REFLECTIONS ON FILM CULTURE

DAILY | 1993 Edition

The Cannes Film Festival has announced that Steven Spielberg will be the Jury President for the 66th edition running from May 15 through 16. Festival President Gilles Jacob notes that “Steven Spielberg is a Cannes ‘regular’: Sugarland Express, Color Purple. But it was with E.T. that I screened as a world premiere in ’82 that ties were made of the type you never forget. Ever since, I’ve often asked Steven to be Jury President, but he’s always been shooting a film. So when this year I was told ‘E.T., phone home,’ I understood and immediately replied: ‘At last!'”

Schindler's List

Spielberg on the set of ‘Schindler’s List’

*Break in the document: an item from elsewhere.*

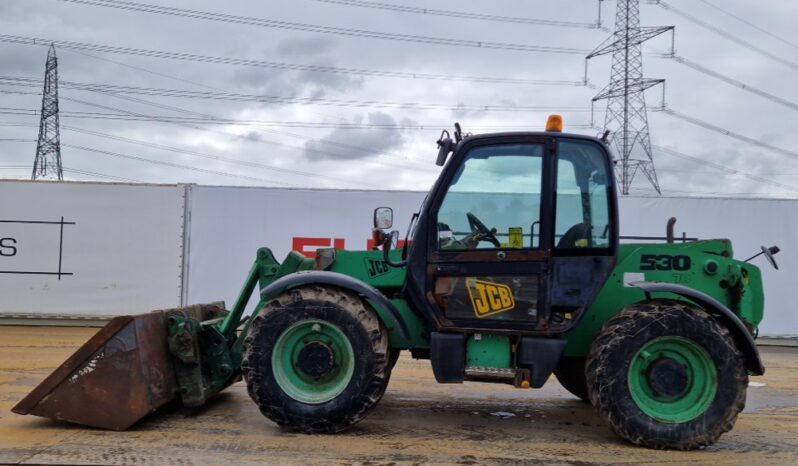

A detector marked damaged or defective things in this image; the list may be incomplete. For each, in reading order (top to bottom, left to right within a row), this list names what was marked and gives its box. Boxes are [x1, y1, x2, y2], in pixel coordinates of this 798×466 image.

rusty metal bucket [10, 304, 227, 432]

Movie City News notes that the announcement comes just a day after Spielberg found himself looking back 20 year to Schindler’s List. Erik Hayden was on hand yesterday for the Hollywood Reporter as Spielberg took part in “a launch event for the IWitness Video Challenge, which encourages secondary school students to honor the legacy of Schindler’s List by engaging in community service inspired by survivors’ testimonies and showcasing their action in a short video essay. The event was sponsored by the USC Shoah Foundation, which Spielberg founded in 1994, and timed to the release of the best picture Oscar winner’s March 5 Blu-ray release.” Spielberg: “When I went to Poland to start working on Schindler’s List, I quickly realized after a couple of days of filming that this just wasn’t a natural reflex of my filmmaking instincts—this was going to be something that was going to change my life.” And: “People who see disturbing images on media and on television, people who watch, let’s say, a clip of random violence or discrimination or bullying on YouTube and stand silent. So many in the world refuse to bear witness and do something about it. And I’m finding that in many cases technology is becoming more of a vehicle of voyeurism than a vehicle for change.”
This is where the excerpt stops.